● **YOUR ASSIGNMENT**
Every line from the top of the records through the one bearing "Sayrışan işıqlar (Miqalka)" is to be reproduced exactly, and pictures are to be left out.
++++++++
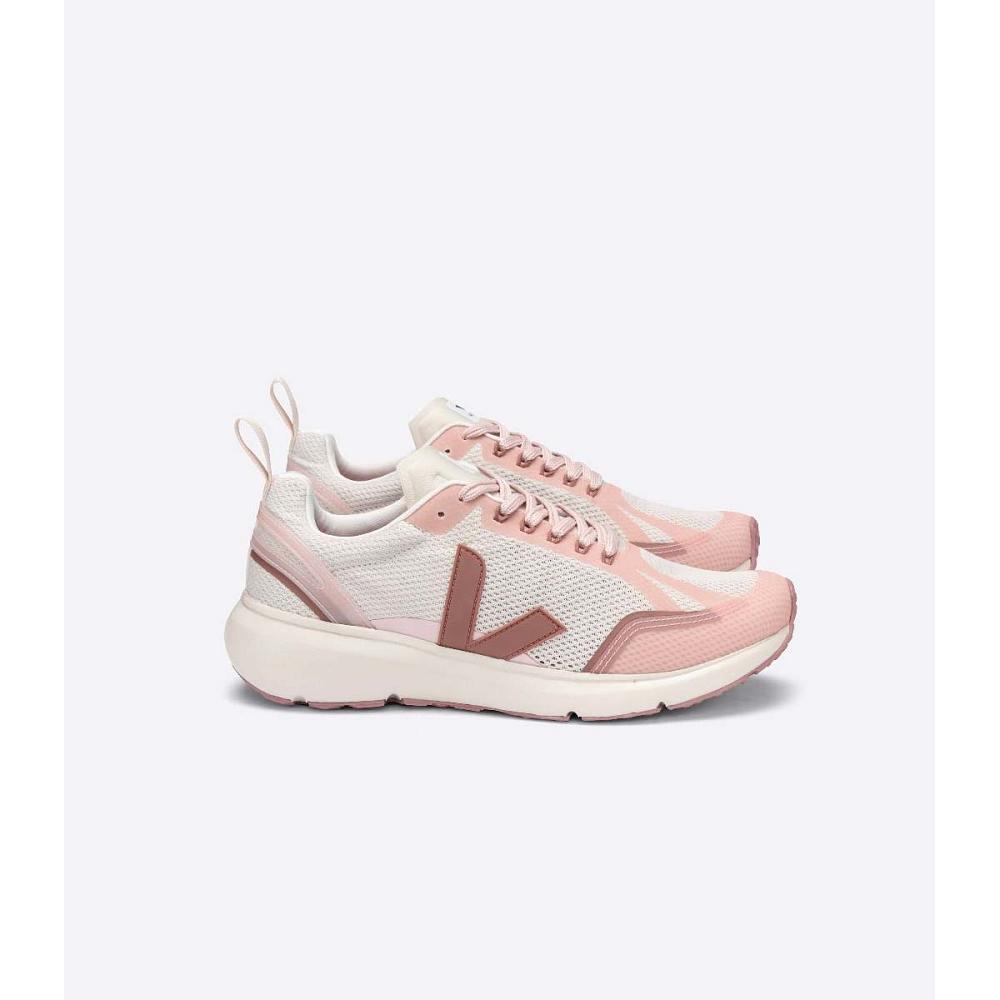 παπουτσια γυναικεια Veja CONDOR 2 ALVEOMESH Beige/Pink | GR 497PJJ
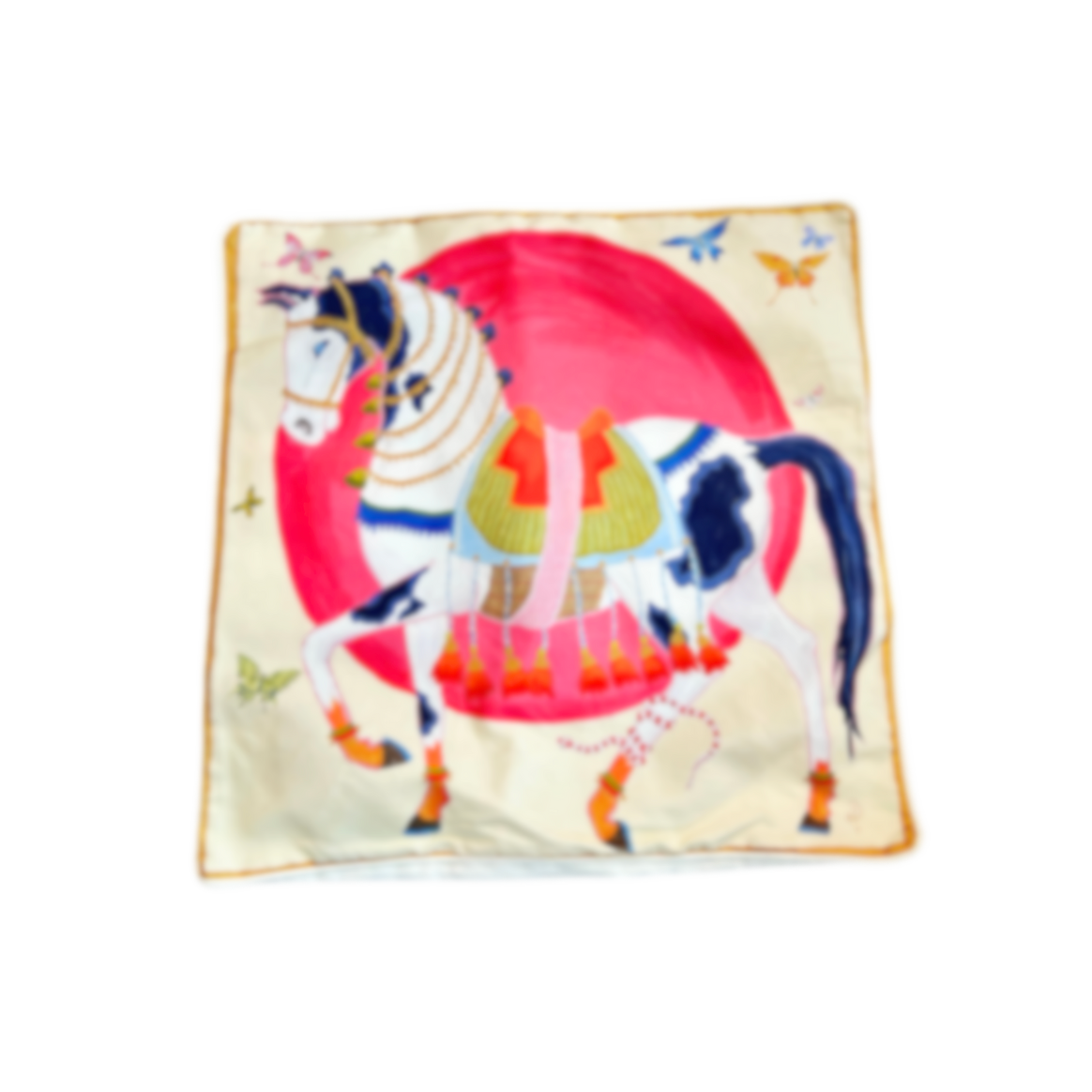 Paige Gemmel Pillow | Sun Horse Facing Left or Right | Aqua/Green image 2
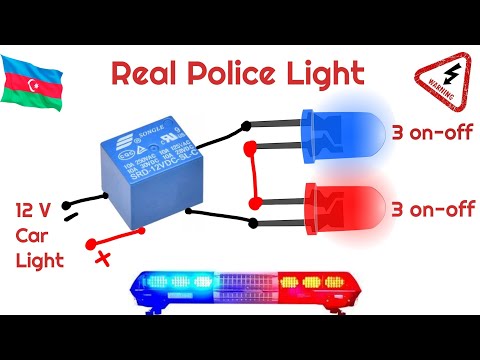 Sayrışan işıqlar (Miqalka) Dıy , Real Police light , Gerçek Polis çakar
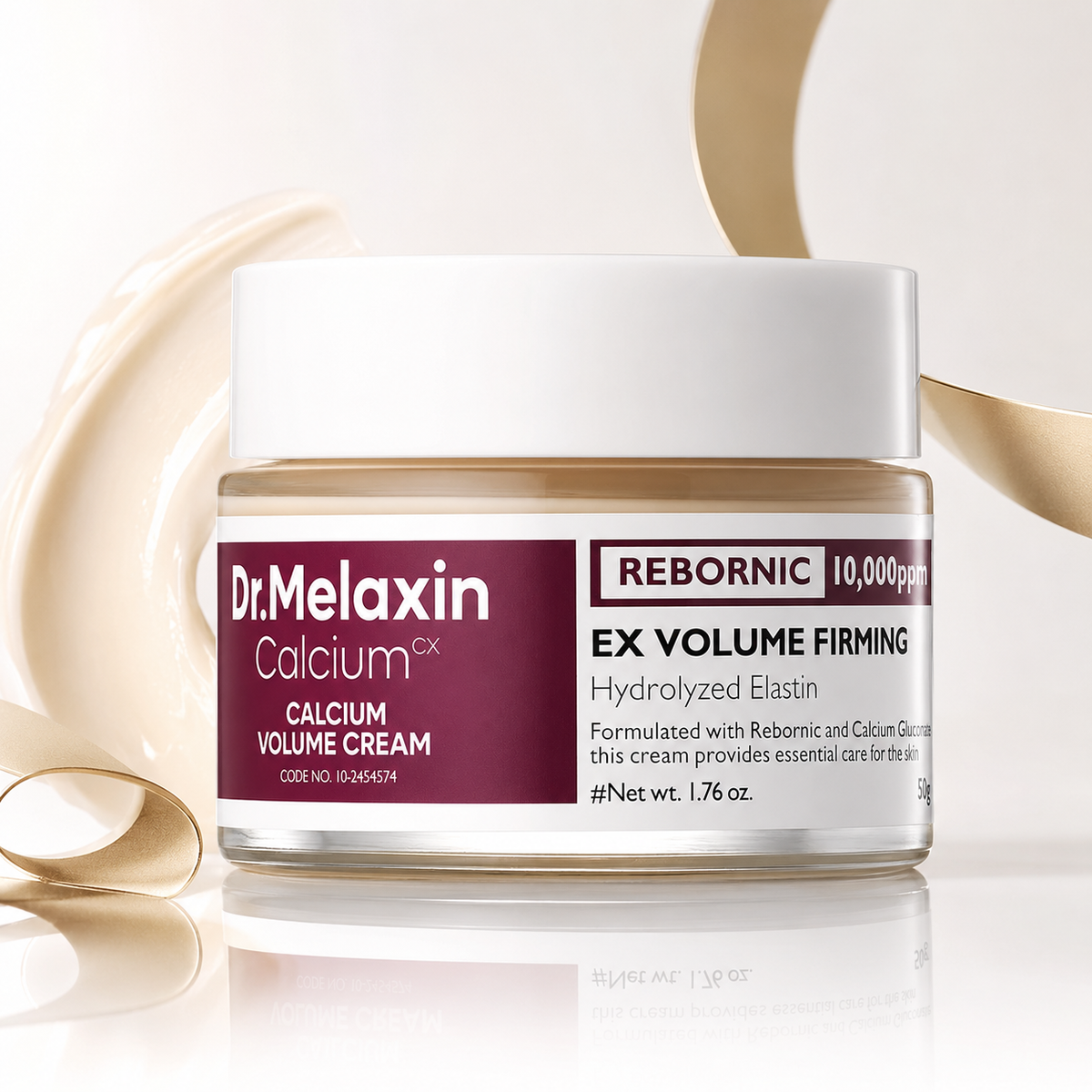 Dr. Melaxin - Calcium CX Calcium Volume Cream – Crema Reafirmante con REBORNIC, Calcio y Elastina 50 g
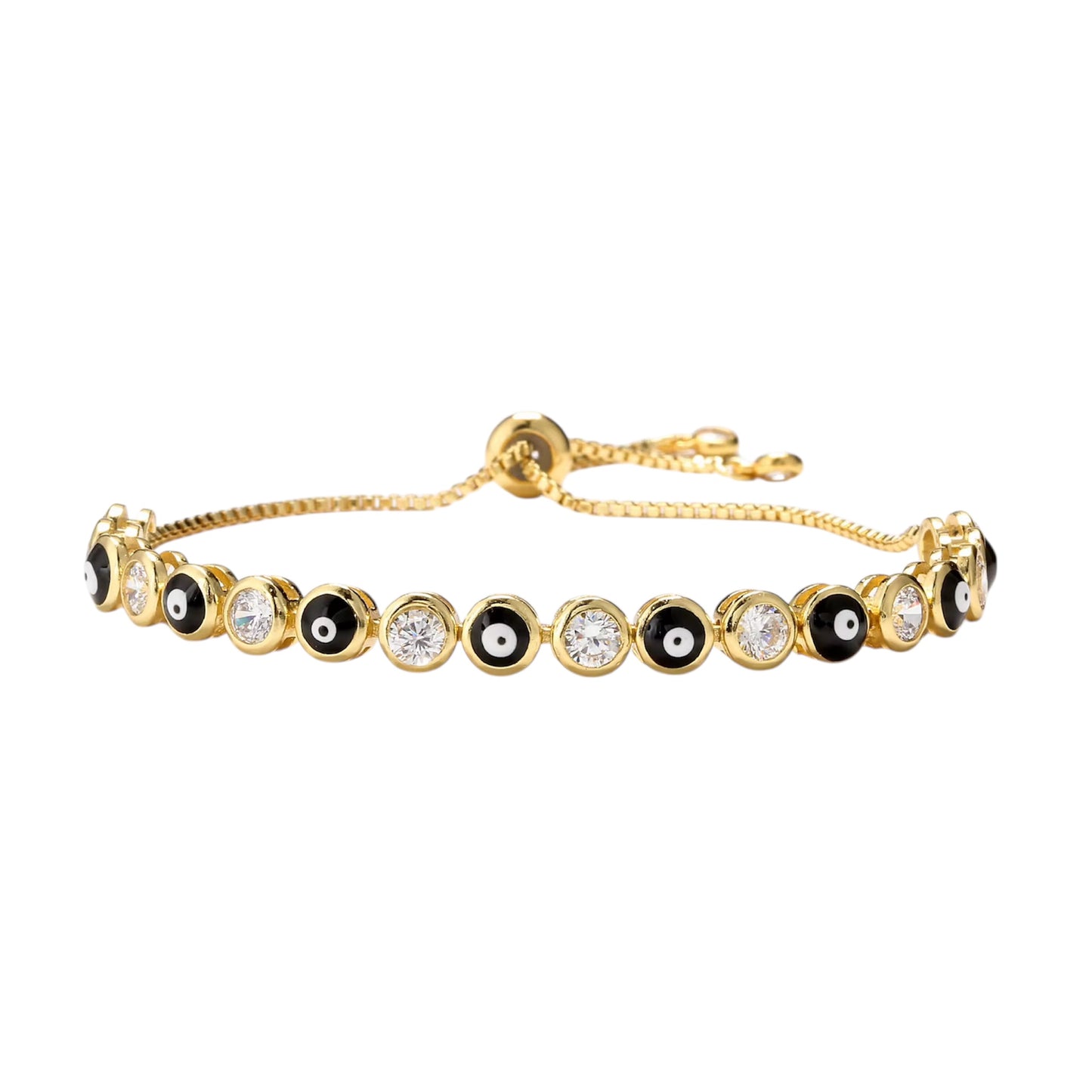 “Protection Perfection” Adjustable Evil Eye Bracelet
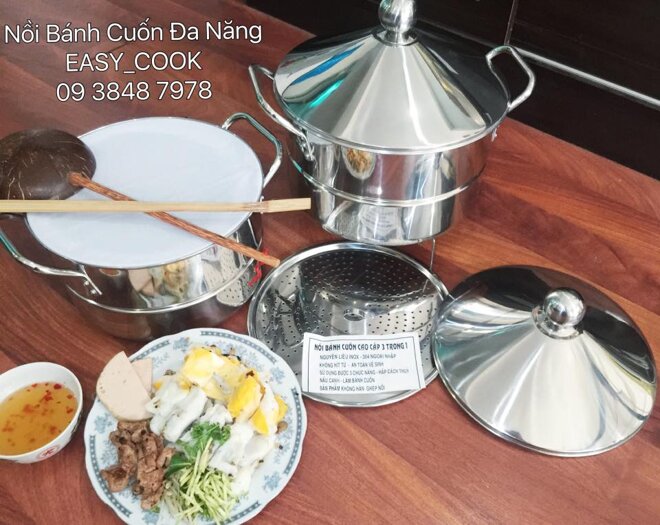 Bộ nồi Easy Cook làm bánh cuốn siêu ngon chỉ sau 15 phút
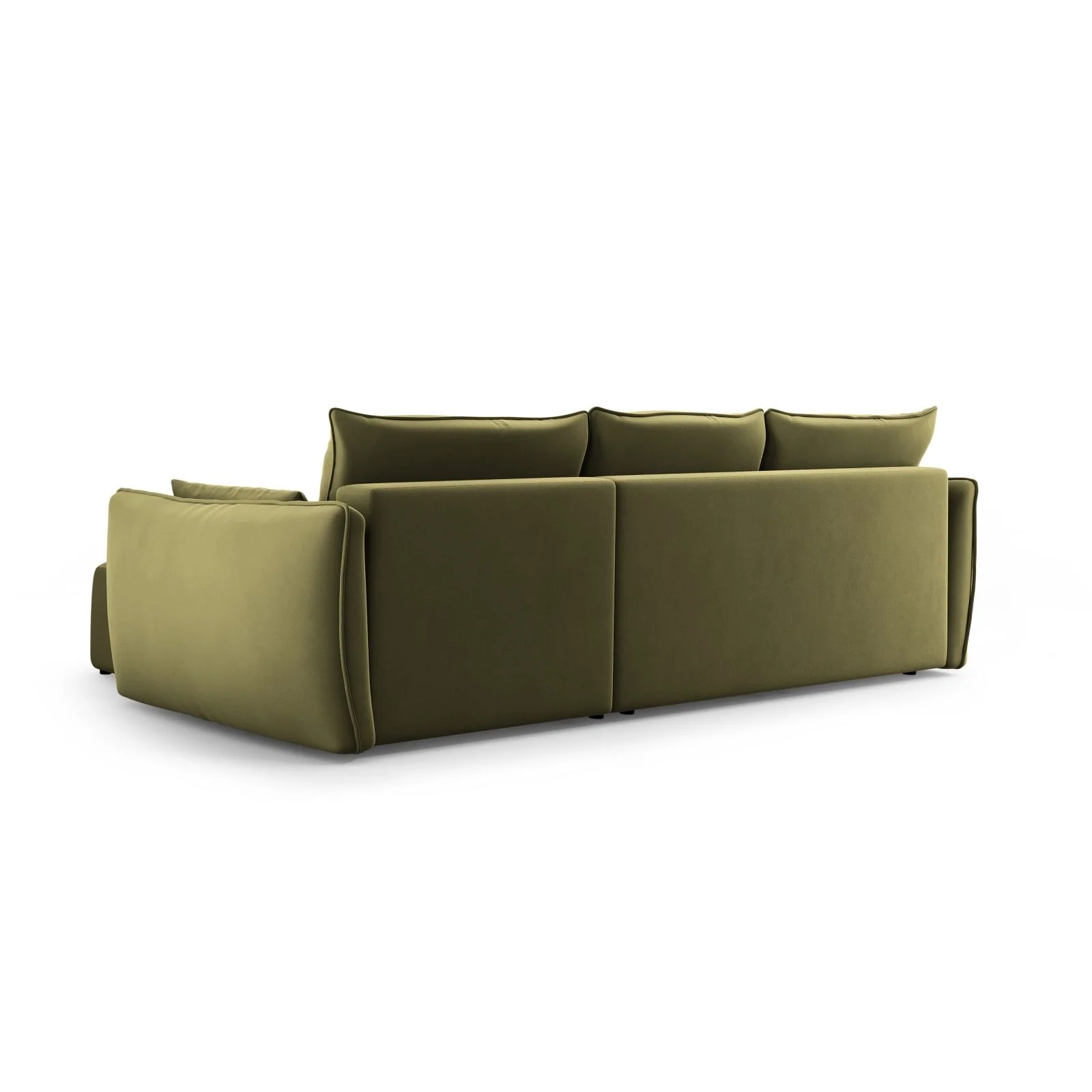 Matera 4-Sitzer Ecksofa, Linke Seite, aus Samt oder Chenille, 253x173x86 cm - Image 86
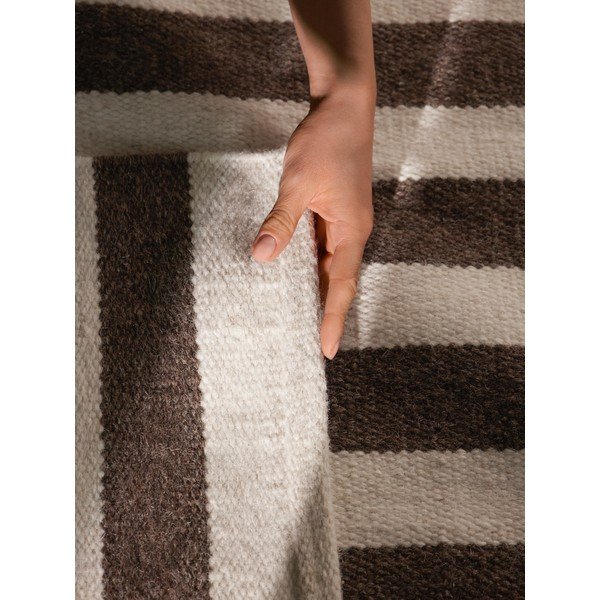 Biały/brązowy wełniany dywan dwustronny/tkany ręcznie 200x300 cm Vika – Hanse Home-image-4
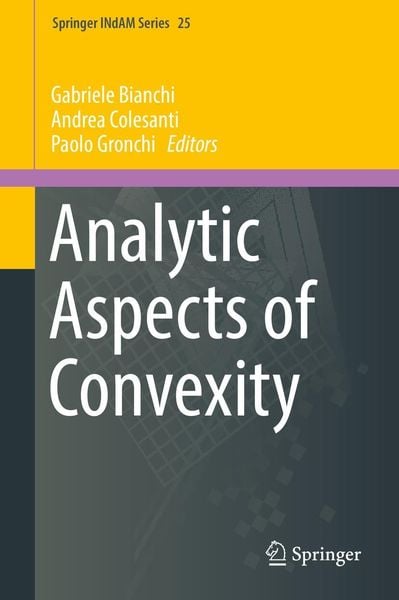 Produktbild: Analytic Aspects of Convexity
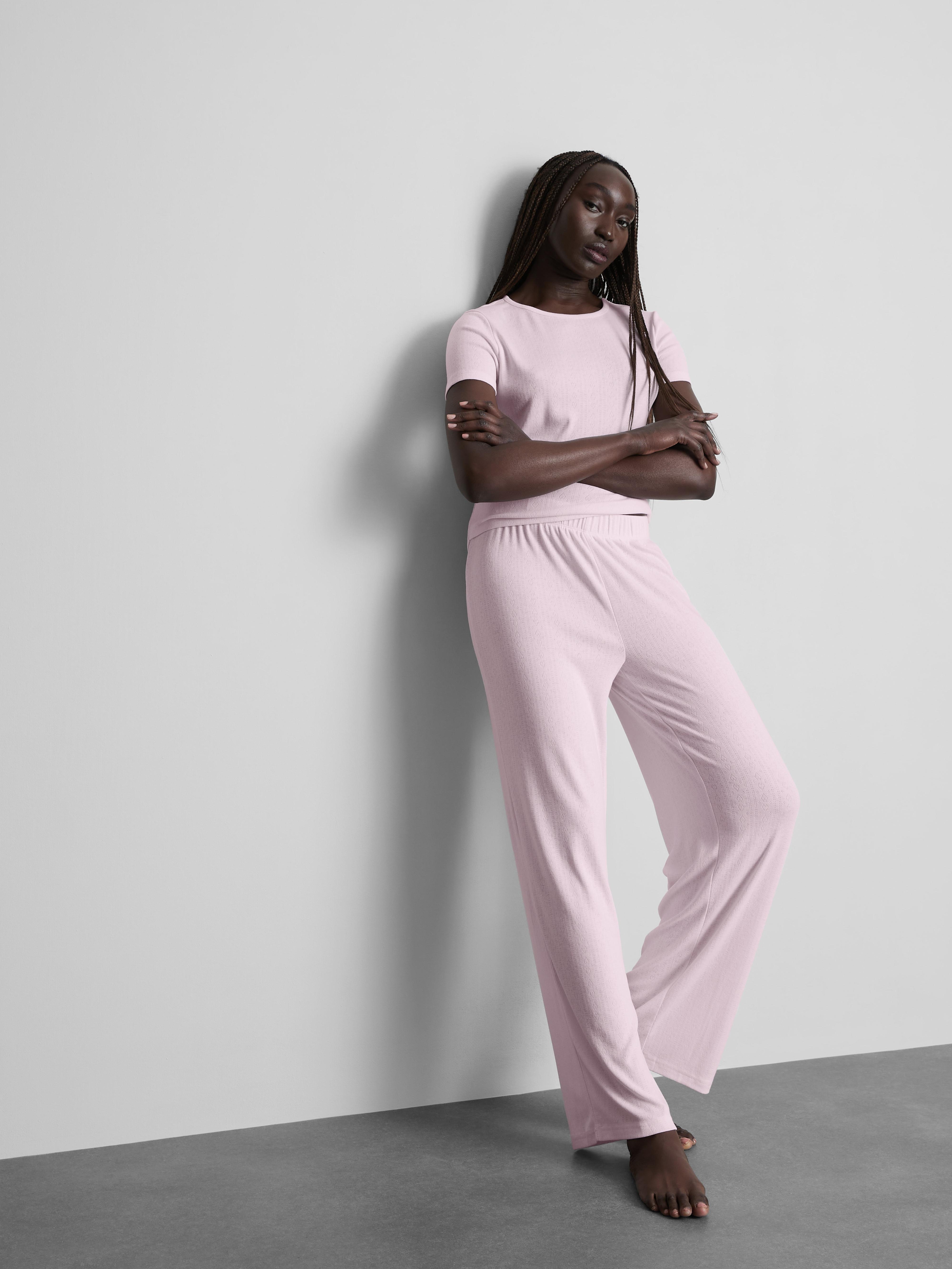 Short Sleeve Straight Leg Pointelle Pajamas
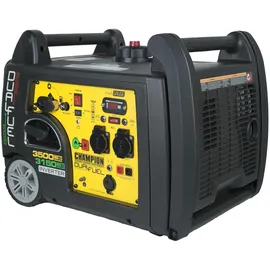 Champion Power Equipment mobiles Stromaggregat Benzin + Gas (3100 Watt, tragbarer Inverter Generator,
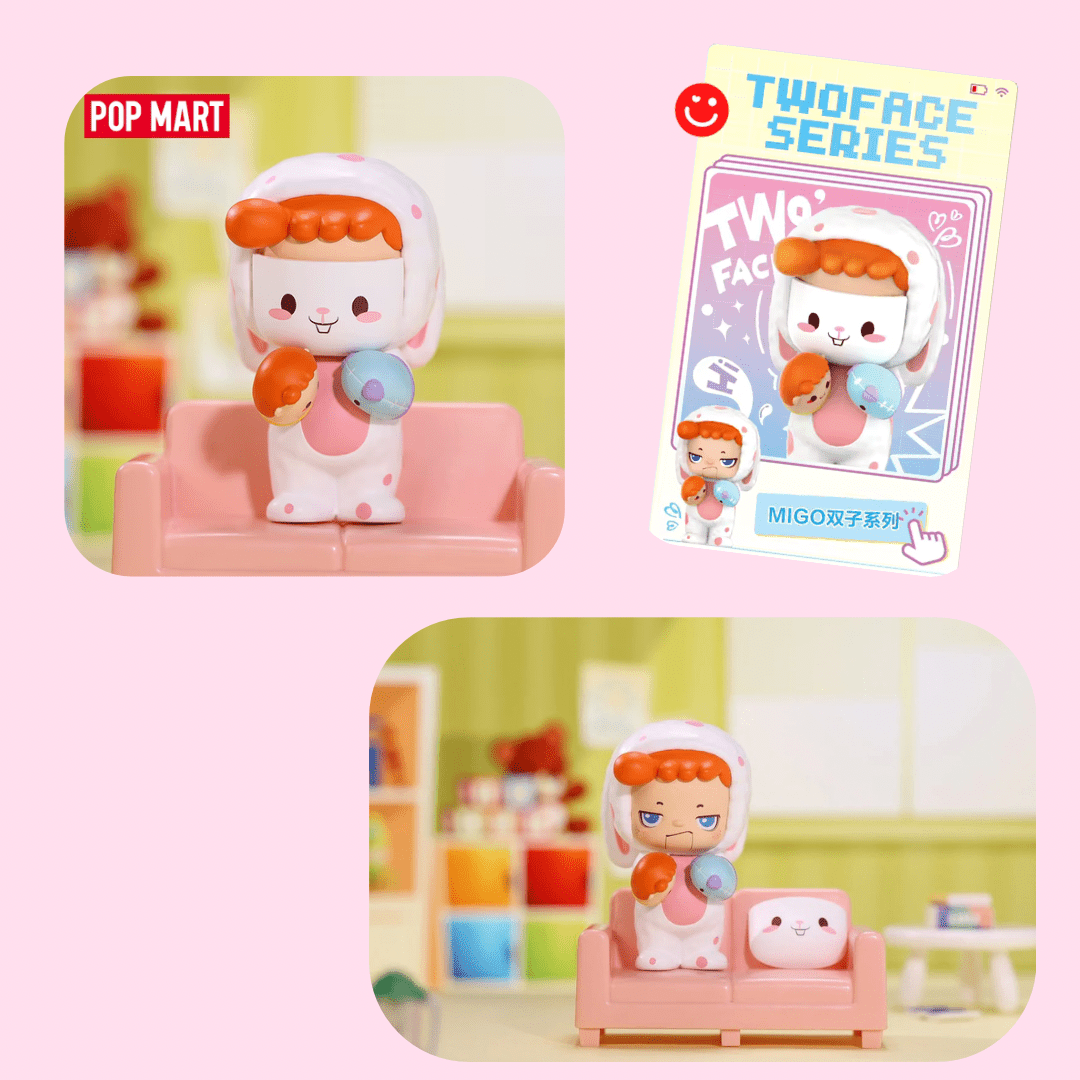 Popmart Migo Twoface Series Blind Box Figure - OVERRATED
++++++++
● **REPLY TO THE EXERCISE**
 παπουτσια γυναικεια Veja CONDOR 2 ALVEOMESH Beige/Pink | GR 497PJJ
 Paige Gemmel Pillow | Sun Horse Facing Left or Right | Aqua/Green image 2
 Sayrışan işıqlar (Miqalka) Dıy , Real Police light , Gerçek Polis çakar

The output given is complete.